## To do
Your reply should consist only of the lines from the one with "Plan marketingowy. Wyróżnij" through the end of the entries, transcribed exactly. Pictures stay out.

(Captioned web image data)
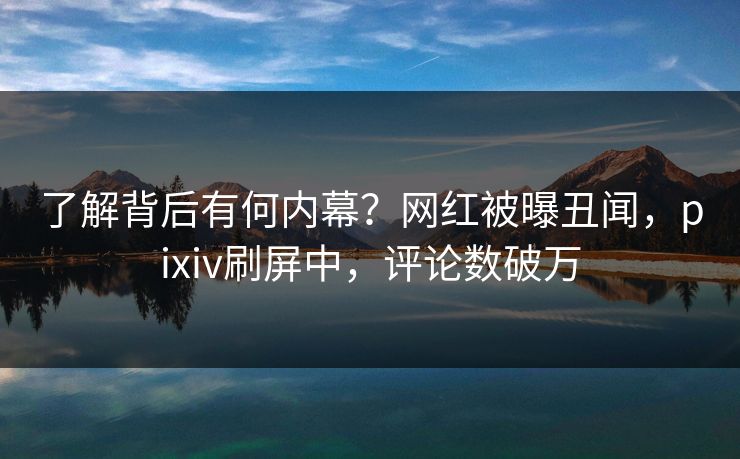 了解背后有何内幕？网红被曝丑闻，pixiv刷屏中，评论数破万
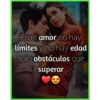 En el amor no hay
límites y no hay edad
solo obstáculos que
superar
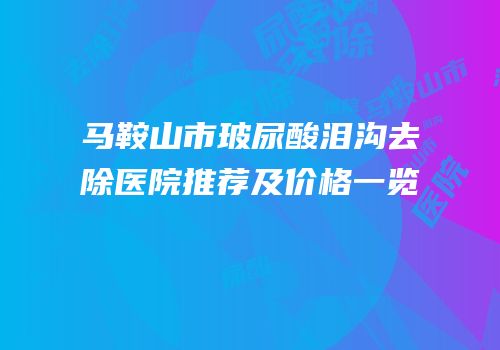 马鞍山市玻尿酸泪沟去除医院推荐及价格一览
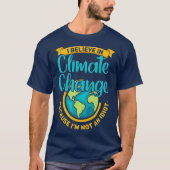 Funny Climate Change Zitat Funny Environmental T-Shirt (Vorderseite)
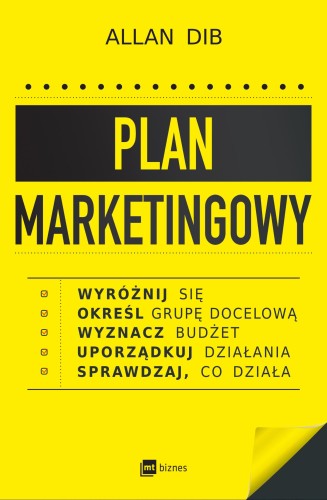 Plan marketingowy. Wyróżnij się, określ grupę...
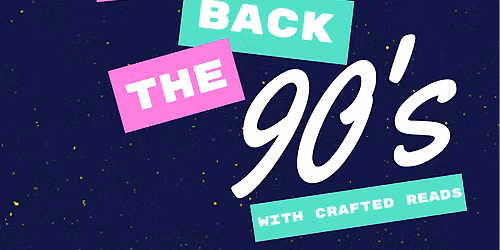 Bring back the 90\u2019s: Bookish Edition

## Result of the task
 Plan marketingowy. Wyróżnij się, określ grupę...
 Bring back the 90\u2019s: Bookish Edition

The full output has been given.